What you are asked to do —
Using the data that follows, output only the lines from the line with "Bed in The Winstead Inn" up to and including the line with "Zalsburq şəhərində azərbaycanlı", exactly, leaving pictures aside.

Available data —
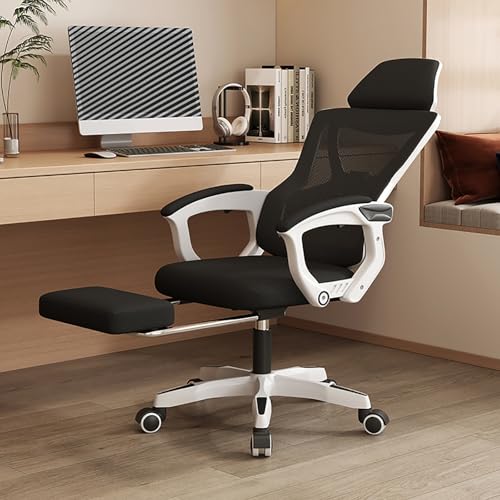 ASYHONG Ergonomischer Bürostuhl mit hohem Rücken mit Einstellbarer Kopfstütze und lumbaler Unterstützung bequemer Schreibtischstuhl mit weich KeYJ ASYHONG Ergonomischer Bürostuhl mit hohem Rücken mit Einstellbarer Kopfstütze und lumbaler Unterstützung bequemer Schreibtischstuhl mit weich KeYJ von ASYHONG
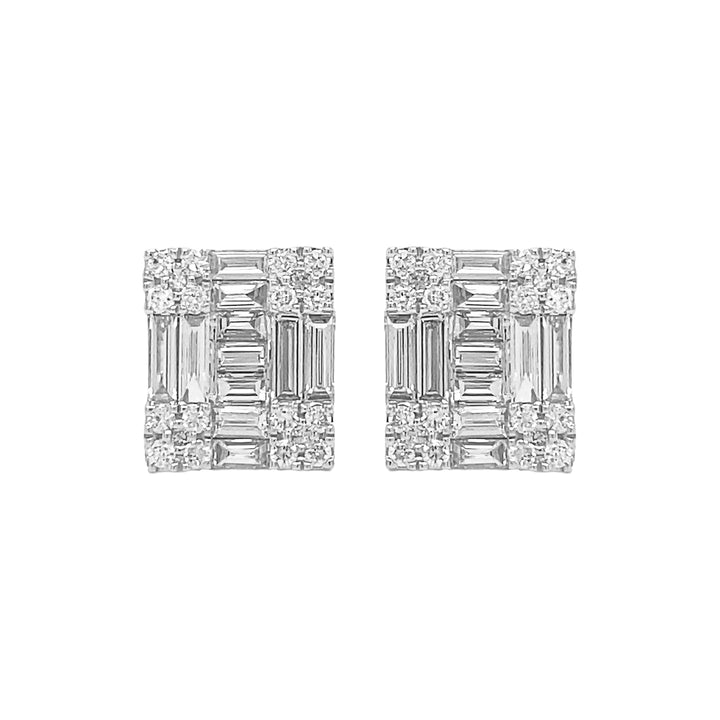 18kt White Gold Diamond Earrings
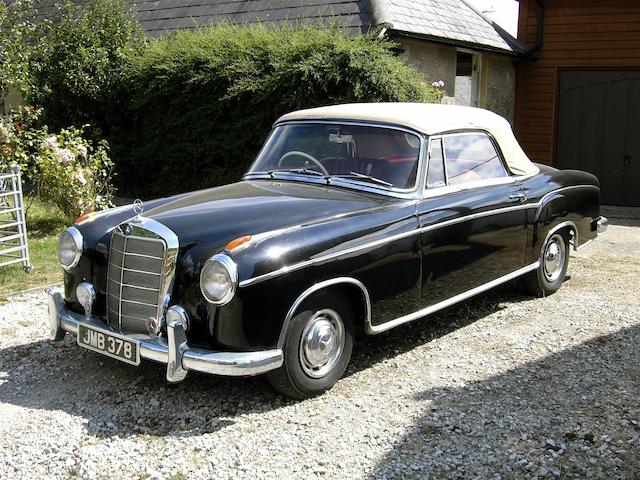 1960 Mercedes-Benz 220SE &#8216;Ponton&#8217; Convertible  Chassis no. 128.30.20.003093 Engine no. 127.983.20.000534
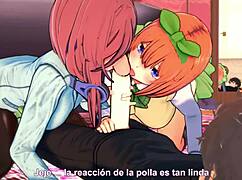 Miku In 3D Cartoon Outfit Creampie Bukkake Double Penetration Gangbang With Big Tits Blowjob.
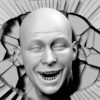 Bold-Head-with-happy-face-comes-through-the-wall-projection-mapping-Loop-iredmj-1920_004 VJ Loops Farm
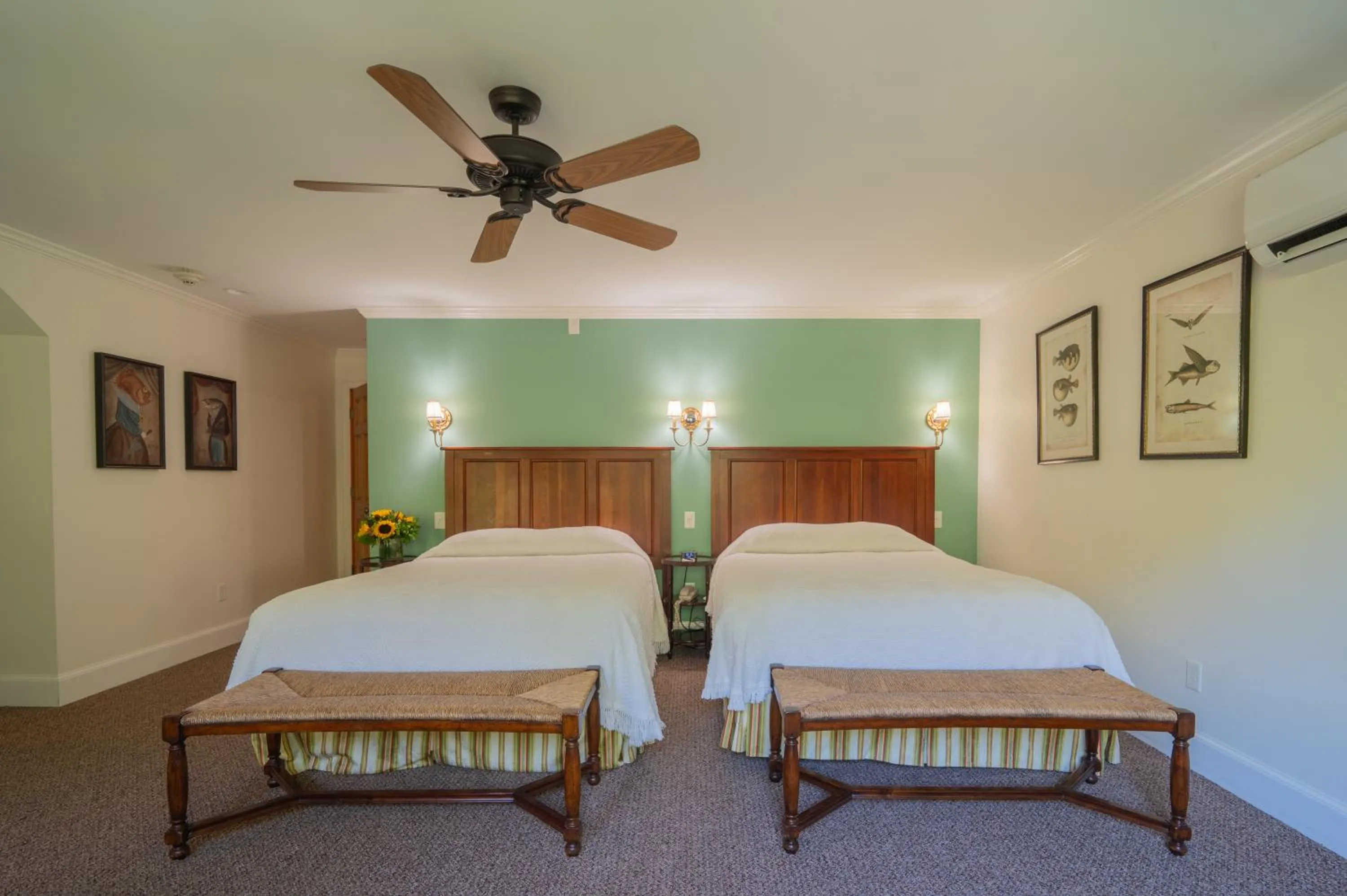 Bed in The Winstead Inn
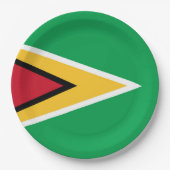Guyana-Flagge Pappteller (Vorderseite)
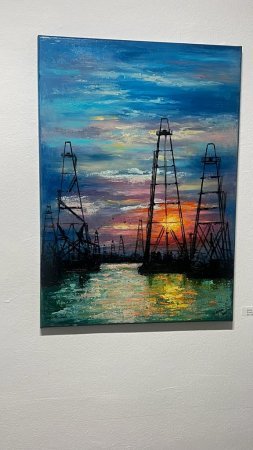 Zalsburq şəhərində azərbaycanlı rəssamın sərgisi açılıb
...
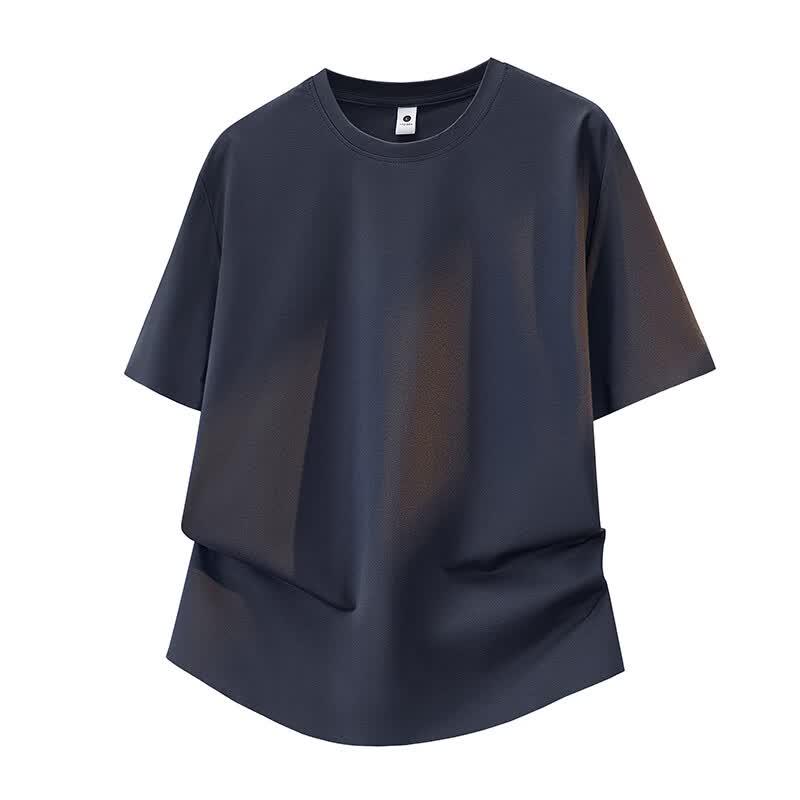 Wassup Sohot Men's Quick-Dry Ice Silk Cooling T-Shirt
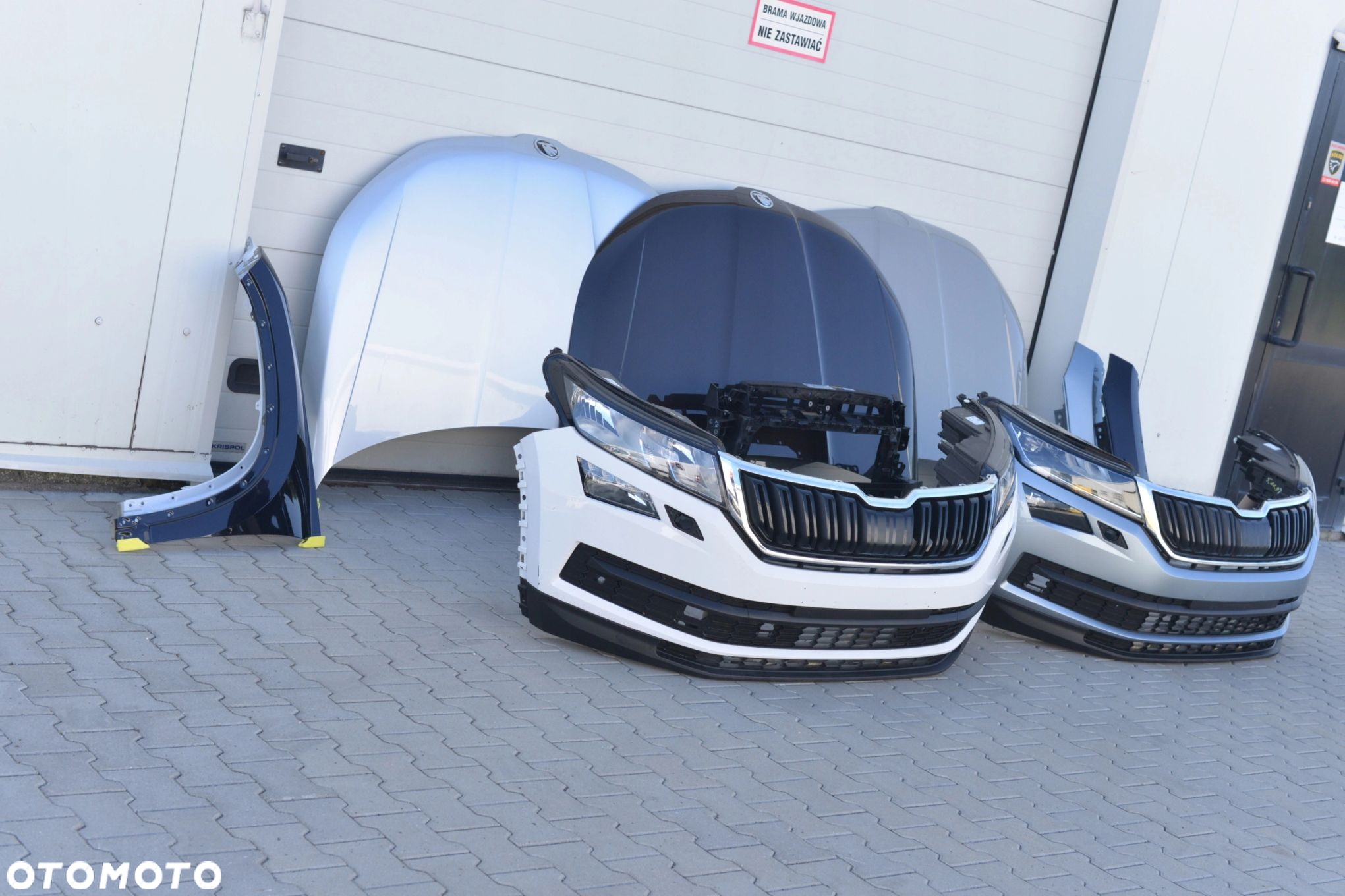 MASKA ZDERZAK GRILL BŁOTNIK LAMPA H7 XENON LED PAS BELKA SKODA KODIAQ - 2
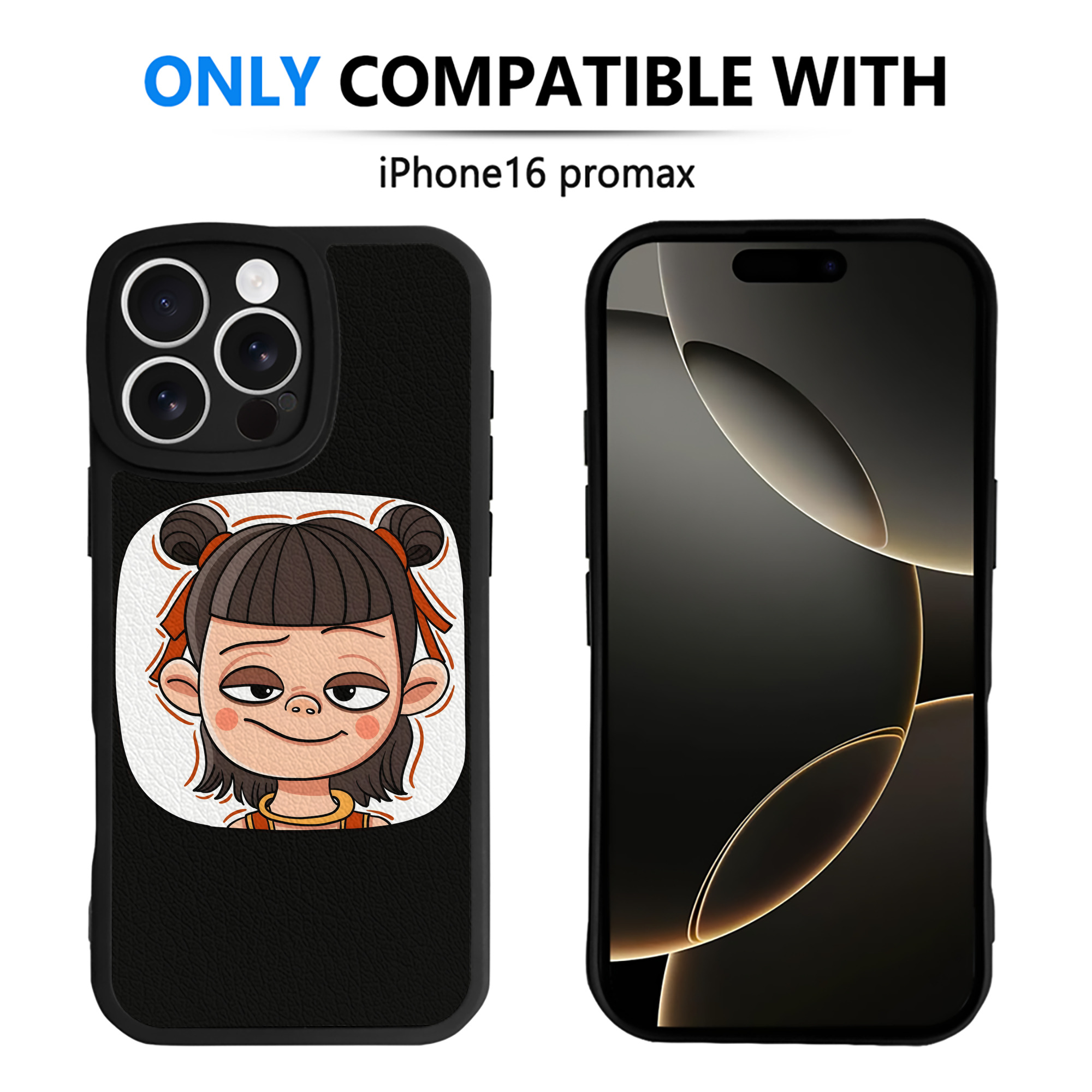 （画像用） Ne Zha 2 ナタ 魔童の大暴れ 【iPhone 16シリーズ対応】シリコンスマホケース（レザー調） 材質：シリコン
...
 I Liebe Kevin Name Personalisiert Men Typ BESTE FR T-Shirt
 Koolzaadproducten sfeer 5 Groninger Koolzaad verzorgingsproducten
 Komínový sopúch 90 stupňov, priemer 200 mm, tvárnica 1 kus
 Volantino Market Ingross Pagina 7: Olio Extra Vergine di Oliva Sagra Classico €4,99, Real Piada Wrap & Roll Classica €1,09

Task answer —
 Bed in The Winstead Inn
Guyana-Flagge Pappteller (Vorderseite)
 Zalsburq şəhərində azərbaycanlı rəssamın sərgisi açılıb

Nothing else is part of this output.